Nathalie Mrgudovic : On pourrait dire que c'était une tentative de rétablir le dialogue entre les trois partenaires – les indépendantistes, les loyalistes et l'État – et de ramener le calme. Les indépendantistes sont venus discuter avec lui, et les loyalistes aussi. C'est déjà une très bonne chose, car je me demandais si cela allait vraiment avoir lieu. Mais chaque partie est venue séparément discuter avec le Président. Donc une partie du dialogue a été rétablie, mais pas entre les principaux protagonistes, ce qui constitue tout de même l'enjeu principal. En outre, les déclarations d'Emmanuel Macron ont-elles été révolutionnaires ? Non, pas vraiment. Une des principales sources de tension est la volonté d'élargir le corps électoral spécial pour les élections provinciales. Cela signifie permettre aux personnes vivant en Nouvelle-Calédonie depuis au moins 10 ans et à celles nées en Nouvelle-Calédonie depuis la dernière liste établie, c'est-à-dire depuis 1998, d'être incluses dans cette liste électorale spéciale. Les indépendantistes refusent cette idée, ce qui a causé des problèmes depuis le 12 mai. Le projet de loi a été adopté par le Sénat et l'Assemblée nationale, et pour être intégré dans la Constitution, Emmanuel Macron avait prévu une réunion fin juin d'un congrès réunissant députés et sénateurs pour adopter cette nouvelle législation.
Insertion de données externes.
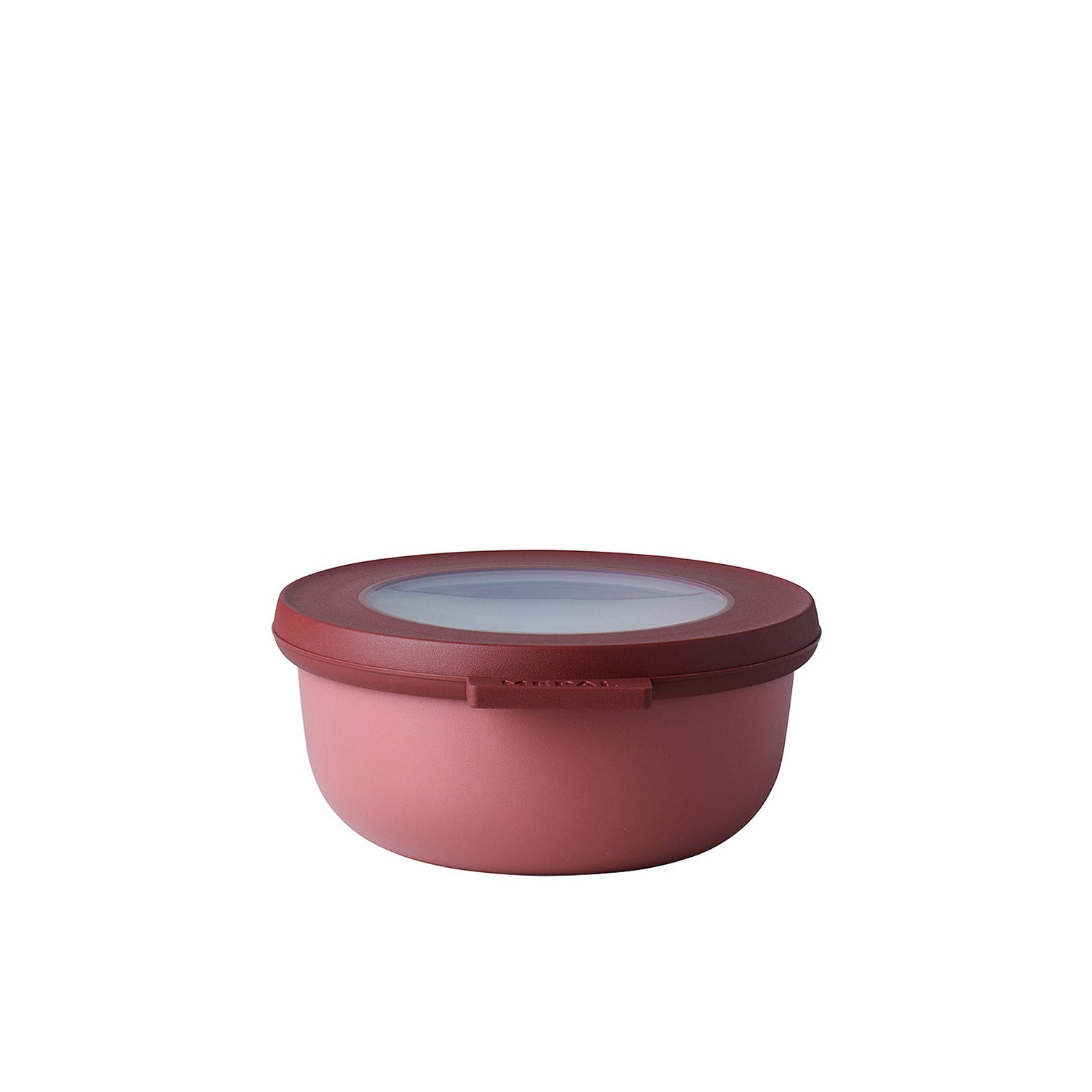 #vivid mauve #350 ml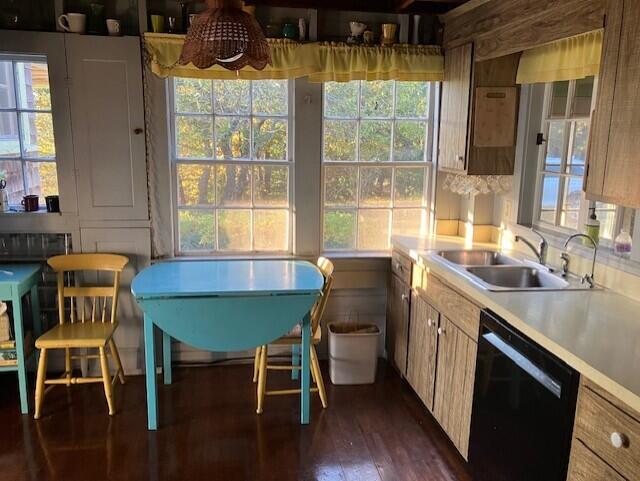 238 Cranberry Lane Property Photo 20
À mon avis, c'était une erreur de vouloir faire cela immédiatement. Cette initiative a provoqué une forte réaction. On pouvait espérer qu'à l'occasion de cette visite éclair Emmanuel Macron dirait : "Je retire cette idée de réunion du congrès, évitant ainsi de passer en force." Cependant, il a seulement déclaré qu'il n'y aurait pas de réunion du Congrès pour le moment et qu'il repousserait cela de quelques semaines. Mais cette déclaration est quelque peu trompeuse, car la réunion du Congrès était déjà prévue pour fin juin, ce qui est dans quelques semaines de toute façon. Donc, il ne s'est pas vraiment avancé sur cette question. Si j'étais indépendantiste, je serais très déçue. Si j'étais loyaliste, je serais rassurée. Il a joué sur les deux tableaux sans vraiment faire avancer la question du retrait de ce projet de loi constitutionnelle.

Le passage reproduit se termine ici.